In the end, Jefferson easily won the popular vote and squeaked by in the electoral college. Then, the shenanigans began thanks to the rules governing the electoral college. The Constitution clearly stated that the person with the most votes would be president, the runner-up vice president. But in 1800, the political parties which the men who wrote the Constitution did not see coming and roundly abhorred nominated tickets. Both Jefferson and his running mate, Aaron Burr, tallied the same number of votes. The election headed to the House of Representatives which might have simply certified Jefferson as president and Burr as VP. But the defeated Federalists tried to steal a victory by flipping the ticket, rallying around Burr and trying to boost him into the presidency. After all, they reasoned, Burr was an expedient politician who would defect to the party that thrust him into power.

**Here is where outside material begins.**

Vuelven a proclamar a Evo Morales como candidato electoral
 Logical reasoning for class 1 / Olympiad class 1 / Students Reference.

In the House of Representatives each state would cast a single vote a majority (nine states) would secure the presidency. The House voted. And voted. And voted again. Each time, the sitting vice president none other than Jefferson himself tallied the same result: Eight states for Jefferson. Six for Burr. Two abstained (because their delegations were evenly divided between the parties). Jefferson, one agonizing state short of victory, saw "dismay and gloom." Six different state delegations were divided by a single vote and the Federalists could reach a majority by flipping just three strategically-placed Republicans.

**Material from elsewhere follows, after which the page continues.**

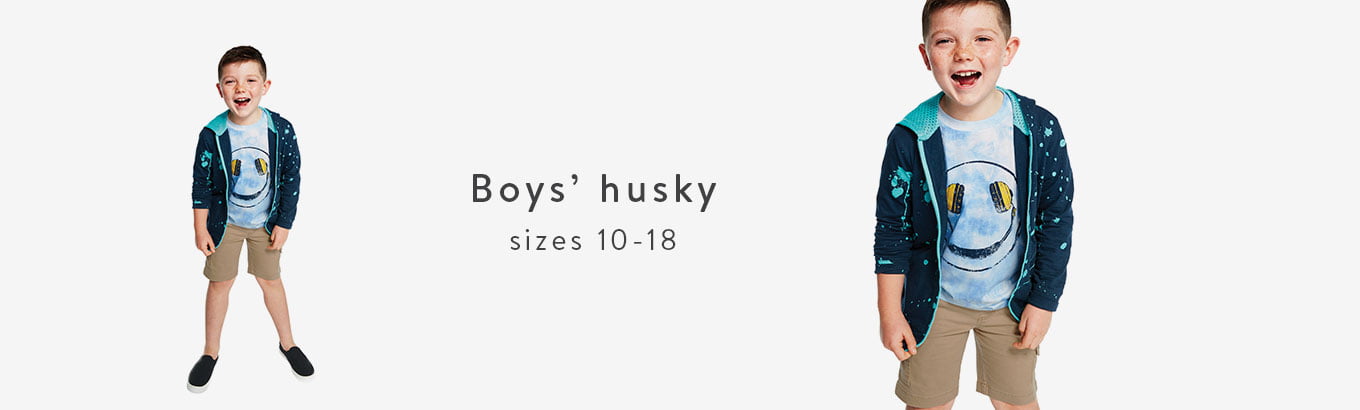 boys size 8 husky jeans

To make matters worse, the government had moved in 1800 from the large, cosmopolitan city of Philadelphia to the grim village of Washington, D.C., which amounted to little more than a few rude taverns and boardinghouses. Tree stumps marked the muddy path between the executive building and the half-constructed capitol building. "We want nothing here," wrote New York's Gouverneur Morris sarcastically, "but houses, cellars, kitchens, well-informed men, amiable women, and other little trifles of this kind to make our city perfect." There was nothing to do but drink, gamble and conspire.
Through the process, Alexander Hamilton, the most influential Federalist, broke with his party and scribbled one letter after another denouncing Aaron Burr. The two men knew each other well for they had battled in New York for years. Now Hamilton warned that Burr had no principles at all just a simple lust for power. He would be a despot.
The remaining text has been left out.